» Goal of the exercise
Transcribe the data that follows without changing a word, and omit the pictures.

##### Data for this task #####

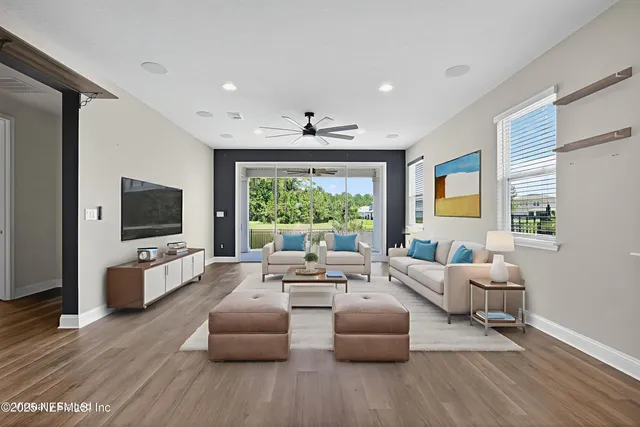 a living room with fireplace furniture and a flat screen tv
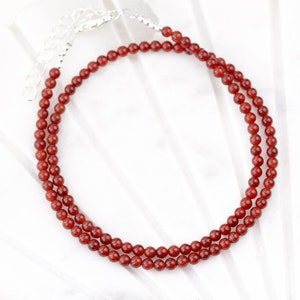 May include: A delicate necklace featuring small, round, reddish-brown beads. The beads are strung together, forming a double strand. The necklace has a silver-colored clasp and extender chain. The jewelry is displayed on a white surface.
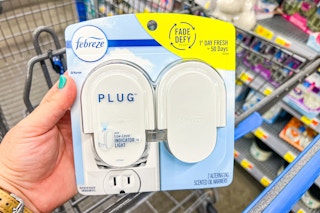 hand holding febreze plug scented oil warmer over Walmart shopping cart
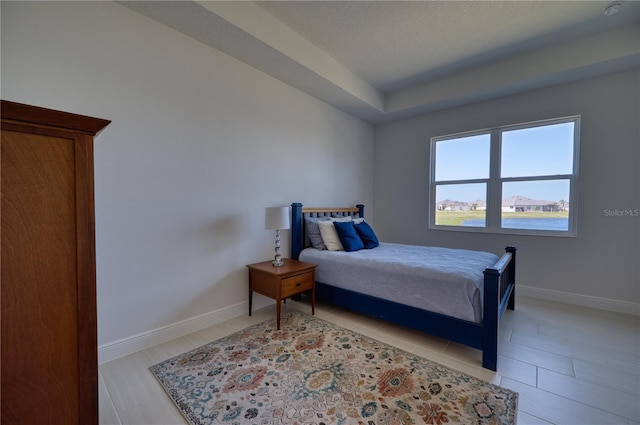 bedroom featuring light tile patterned floors and baseboards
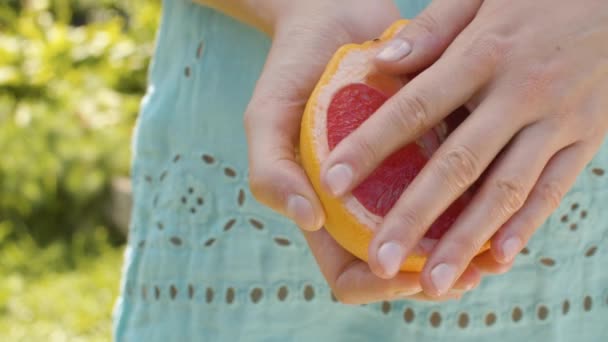 Grapefrukt hälften i kvinnliga händer — Stockvideo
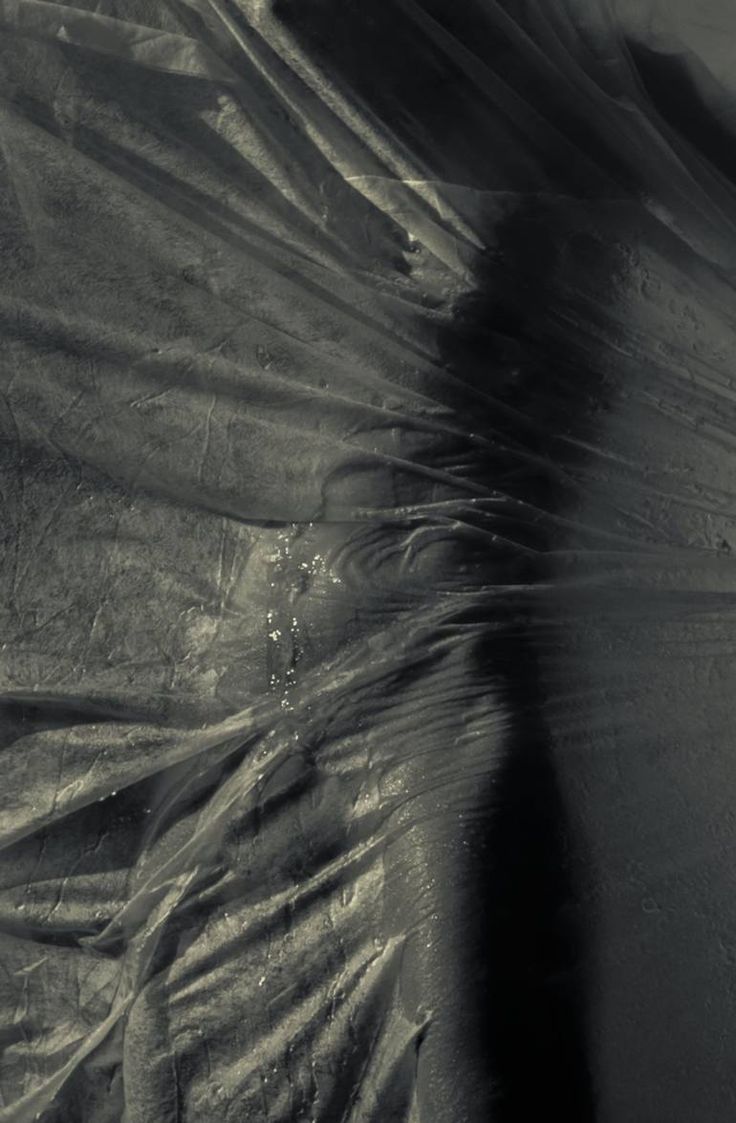 he image is a closeup shot of a plastic sheet draped over a surface. the plastic is textured and shows folds and wrinkles.  water droplets are visible on the plastic.  strong shadows are cast across the scene, creating a dark and moody atmosphere. the overall feel is abstract and artistic, with an emphasis on texture and light. the image is in monochrome (grayscale).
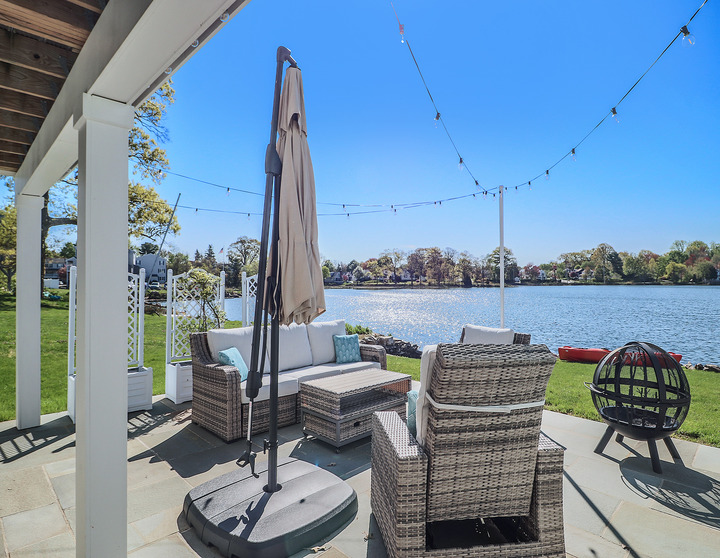 outdoor area with chairs and table on the water by Raymond Design Builders in Fairfield County, CT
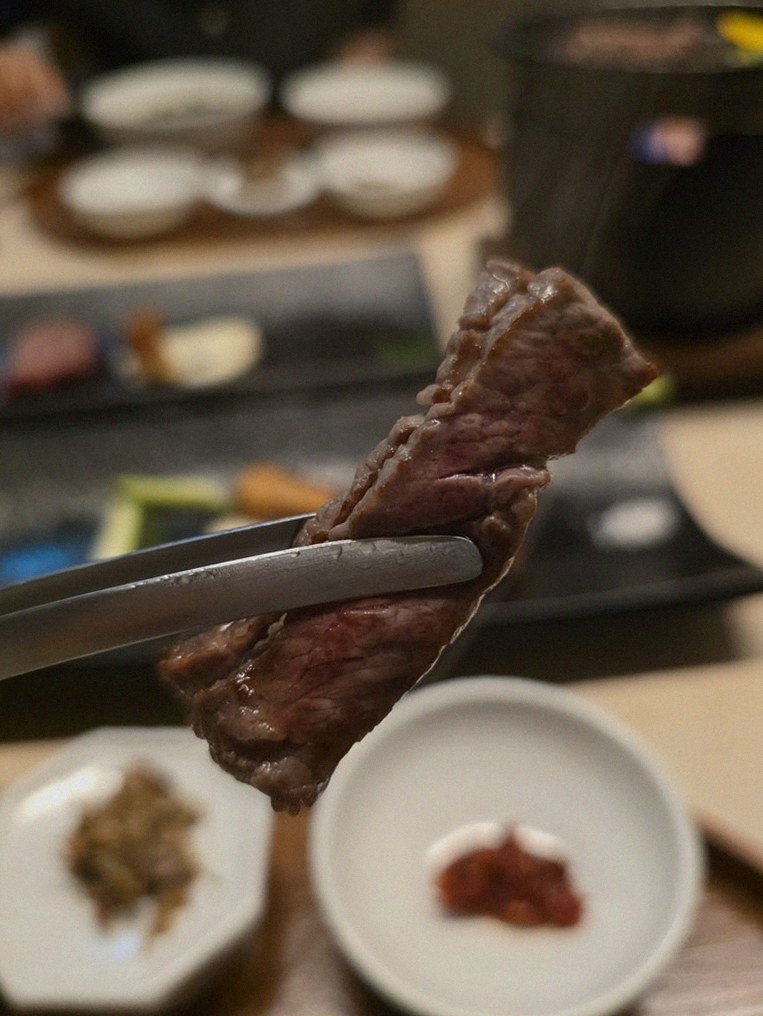 WOOARA Gwanghwamun · premium marbled Hanwoo beef presented before grilling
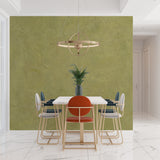 Olive green textured wallpaper in modern living room creating a serene atmosphere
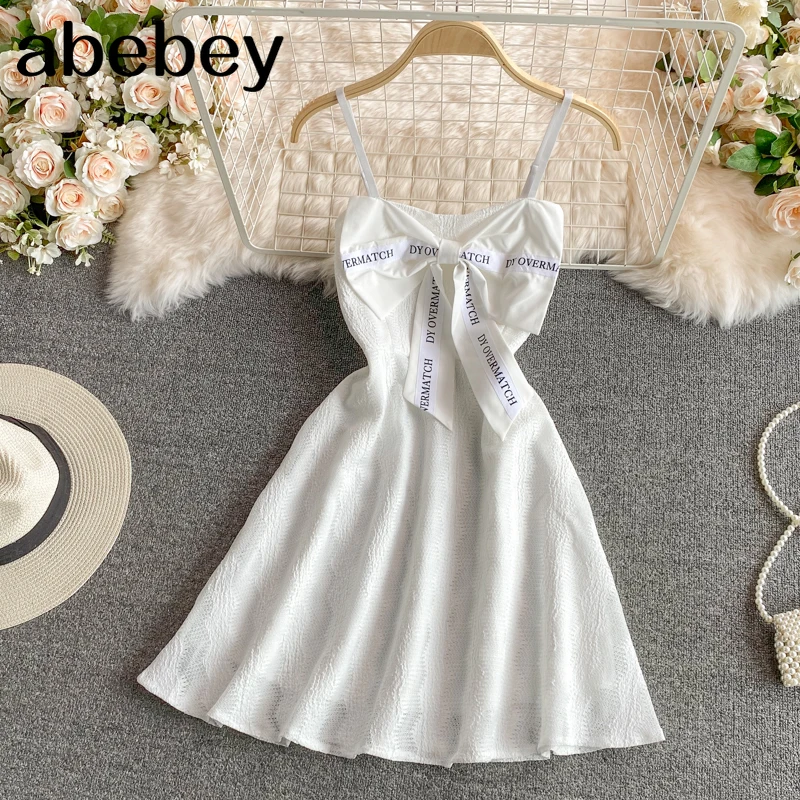 

2021 New Summer French V-neck sleeveless off shoulder Dress bow decoration high waist off back solid strap Dress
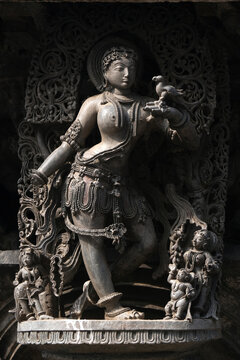 Stone Sculpture of Beautiful Female (Madanikas) with selective focus, 12th century Hindu temple, Ancient stone art and sculptures in each pillars, Chennakeshava Temple, Belur, Karnataka, India.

#####

» Solved exercise
 a living room with fireplace furniture and a flat screen tv
 May include: A delicate necklace featuring small, round, reddish-brown beads. The beads are strung together, forming a double strand. The necklace has a silver-colored clasp and extender chain. The jewelry is displayed on a white surface.
 hand holding febreze plug scented oil warmer over Walmart shopping cart
 bedroom featuring light tile patterned floors and baseboards
 Grapefrukt hälften i kvinnliga händer — Stockvideo
 he image is a closeup shot of a plastic sheet draped over a surface. the plastic is textured and shows folds and wrinkles.  water droplets are visible on the plastic.  strong shadows are cast across the scene, creating a dark and moody atmosphere. the overall feel is abstract and artistic, with an emphasis on texture and light. the image is in monochrome (grayscale).
 outdoor area with chairs and table on the water by Raymond Design Builders in Fairfield County, CT
 WOOARA Gwanghwamun · premium marbled Hanwoo beef presented before grilling
 Olive green textured wallpaper in modern living room creating a serene atmosphere

2021 New Summer French V-neck sleeveless off shoulder Dress bow decoration high waist off back solid strap Dress
 Stone Sculpture of Beautiful Female (Madanikas) with selective focus, 12th century Hindu temple, Ancient stone art and sculptures in each pillars, Chennakeshava Temple, Belur, Karnataka, India.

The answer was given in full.